“I look back and I remember the questions I got asked by the campaign director.” said Kathy Leach, one of the first woman rangers at Philmont, and a leader of the first ever Rayado women’s trek in 1973. “He said, ‘You know, are girls this age going to be interested in going?’ That was number one. Number two was, ‘Are they really going to be able to handle the physical and the mental challenges?’ And number three was, ‘Are you gonna be able to find enough people for a trek?’ And it was yes, yes, and yes to all three of those questions. To me, that was the biggest accomplishment ever. After that summer, I'd never hear those questions asked again.”

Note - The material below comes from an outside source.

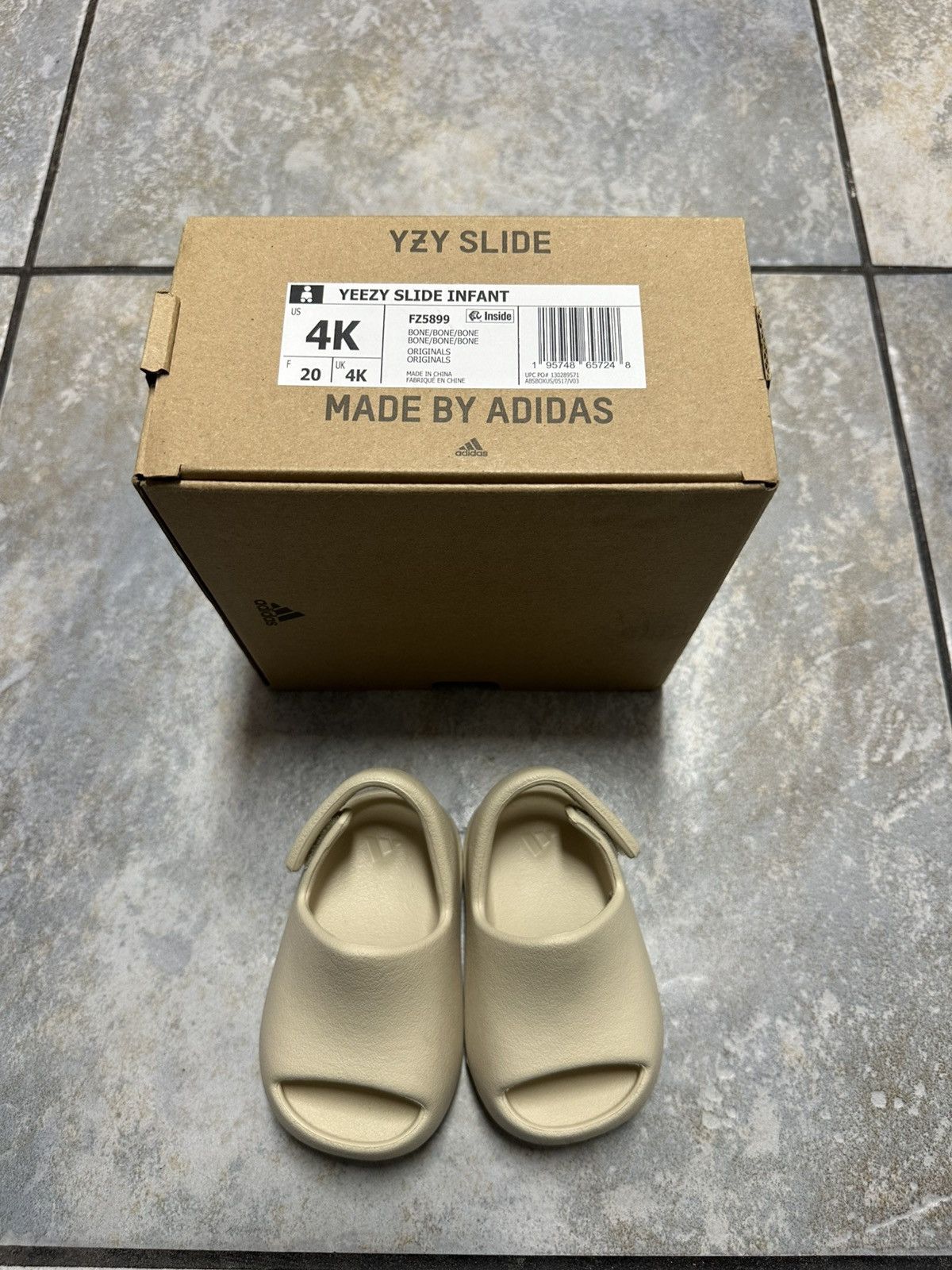Yeezy Yeezy YZY slides Infant 4K Size ONE SIZE - 1 Thumbnail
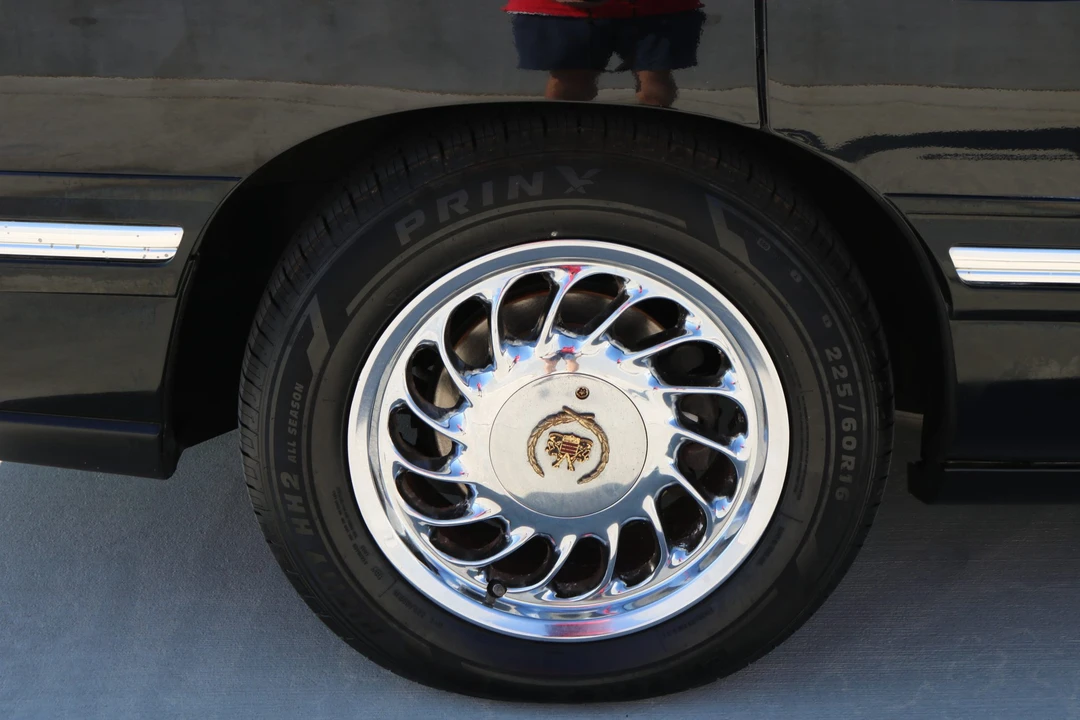 1998 Cadillac DeVille 7th Gen - Image 28 of 31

Leach recalls the value of the opportunity to develop yourself in the outdoors in a time when the opportunities for women were limited. Two-thirds of the girls had never backpacked before, with little idea of what to bring. One girl brought construction boots, and another showed up with no gear at all. But despite all the blisters, Leach knows the girls valued their experience.
Rayado Women Celebrate Fifty Years of Life-Changing Adventures “They were just excited to be there, excited to meet each other, doing all sorts of fun programs that they had never done: rock climbing when they got to Cito and rappelling for the first time. Their eyes were as big as saucers.”
This year, Rangers Katie Keenan and Katherine ‘Kat’ Hansen carry on the Rayado tradition. The program focuses on developing skills in navigation, wilderness backpacking, and positive group dynamics, instilling a sense of independence and self-reliance in its participants. Scouts travel from all over the country to spend three weeks on a highly curated experience designed to bring out the best in each individual.
Rayado primarily differs from other special treks, like STEM or Trail Crew, in that the details of the trek are largely shrouded in mystery. For example, while participants would know and expect to take care of farm animals during a Ranch Hands trek, day-to-day activities are not specified to Rayado participants.
All treks involve pushing the physical and emotional limits of Scouts, but Rayado truly exemplifies that. Keenan and Hansen spend days coordinating with staff camps, planning activities, and purchasing items that add to their overall experience. In RW-1’s case, one of those items are multi-colored sombreros.
'Expect the Unexpected’ is the famous tagline for Rayado, and it rings true from the moment participants arrive. As an individually-registered trek, the girls meet their crew for the first time the day they set foot on Philmont property.
Participant Ila Bumagin, 17, went on her first trek last summer. After loving her experience, and hearing about Rayado from various staff camps, she decided that it was the next step. She was initially worried whether or not she would get along with a group of strangers, but those worries were pushed aside as soon as she met them.
“I was like, oh, these people also like hiking. That's great. And then you kind of can't worry about anything. You're just forced into it.” said Bumagin. “And obviously, everyone here is wonderful. And I feel like, it's just gonna go well.”
“The Rangers really made it so fun for us and have so many awesome things planned. I'm really learning to just hike, not think about what's going to happen next, and be prepared for anything.”
Participant Kayla McVickar, 16, has found the trek mentally challenging but extremely rewarding. She has become good friends with crew member Maggie Han, with whom she shares some of her favorite Rayado memories.
“I'm really close with Maggie. She's from Kentucky, which is interesting, because we would talk about things like when it snows. And I was like, ‘Do I know when it snows? No, I don't. I live in San Diego, California. It doesn't really snow there.’ And it's just weird, seeing other people's perspectives on things that don't happen to me. It's so cool.”
McVickar has also found that Rayado has helped her work on some of her personal struggles.
“When we're hiking, I've done a lot of reflecting on my life right now. I'm going into my senior year, and focusing on what I want to get out of this trek. I'm definitely learning patience. I am kinder to myself and don’t doubt myself as much. I feel like I often catch myself thinking, ‘I don't know why I'm on this trek. I'm not up for it. But I'm like, No, I am up for it. I'm doing it right now.’”
The crew, at this point in their trek, have two more weeks left to go. Although they don’t know what’s going to happen, they can count on the fact that women who went through the Rayado experience fifty years ago look back fondly on it today.